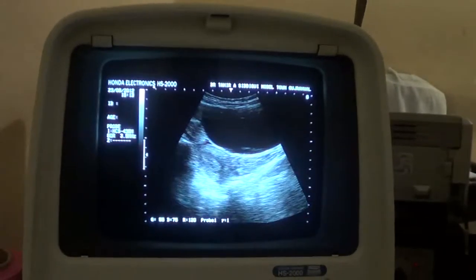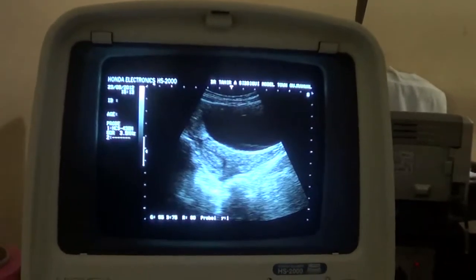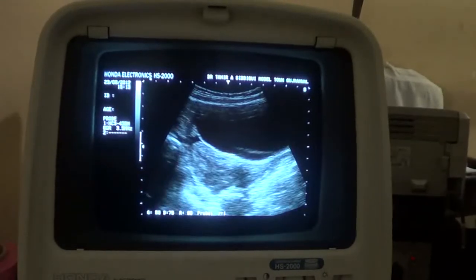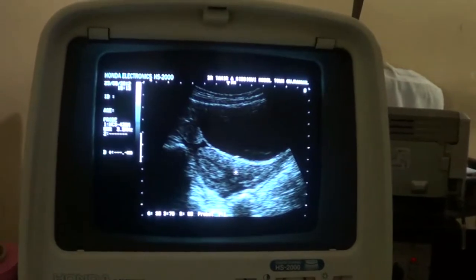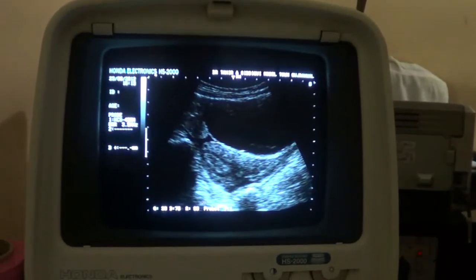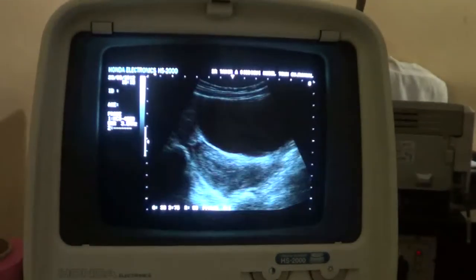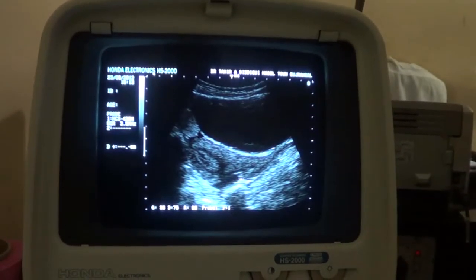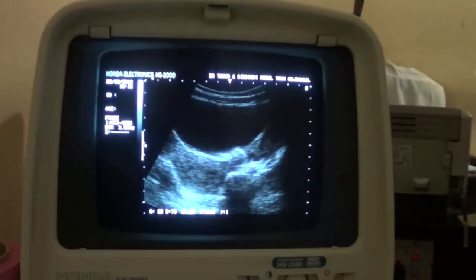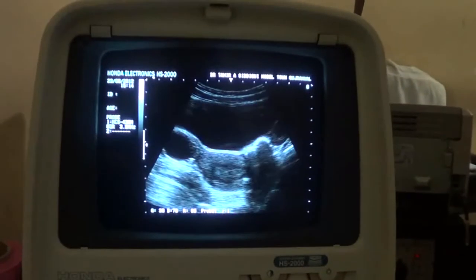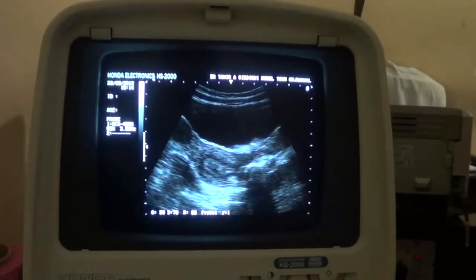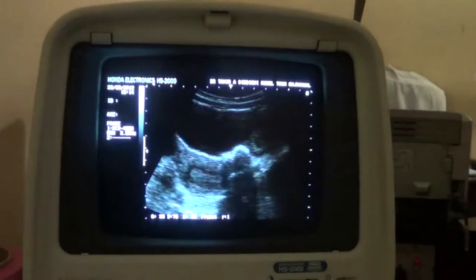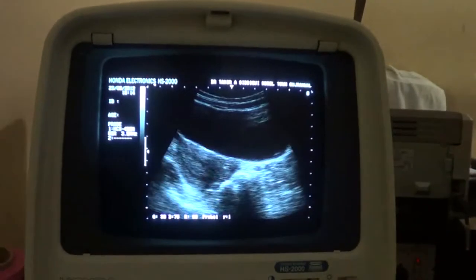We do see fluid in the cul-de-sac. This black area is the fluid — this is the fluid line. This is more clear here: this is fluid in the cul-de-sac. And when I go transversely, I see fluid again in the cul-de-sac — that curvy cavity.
...
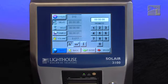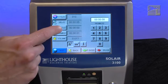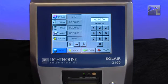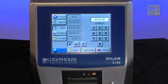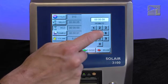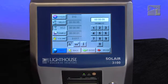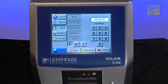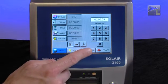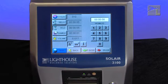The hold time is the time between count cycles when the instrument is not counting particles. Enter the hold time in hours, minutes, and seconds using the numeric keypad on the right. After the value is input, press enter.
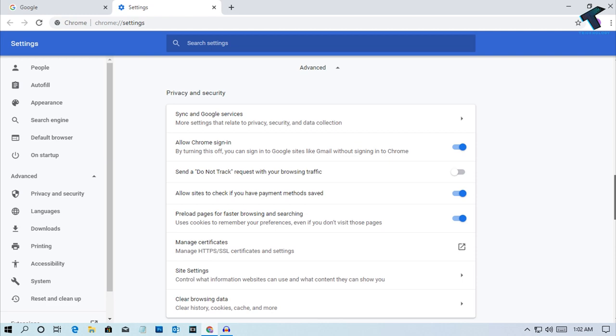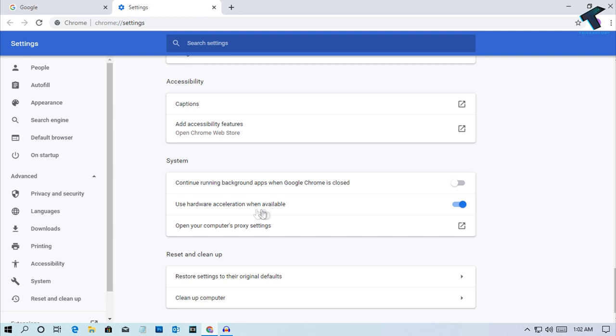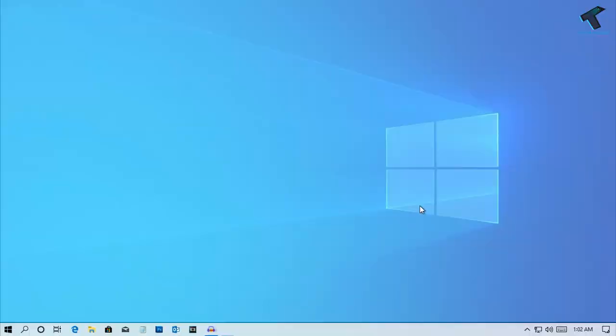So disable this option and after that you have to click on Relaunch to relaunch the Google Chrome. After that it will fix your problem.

YOUR INSTRUCTIONS
Since the pictures are not part of the copy, please transcribe only the lines above from the one with "The hold time is" through the one with "So disable this", exactly and with both ends.

RESPONSE BELOW
The hold time is the time between count cycles when the instrument is not counting particles. Enter the hold time in hours, minutes, and seconds using the numeric keypad on the right. After the value is input, press enter.
So disable this option and after that you have to click on Relaunch to relaunch the Google Chrome. After that it will fix your problem.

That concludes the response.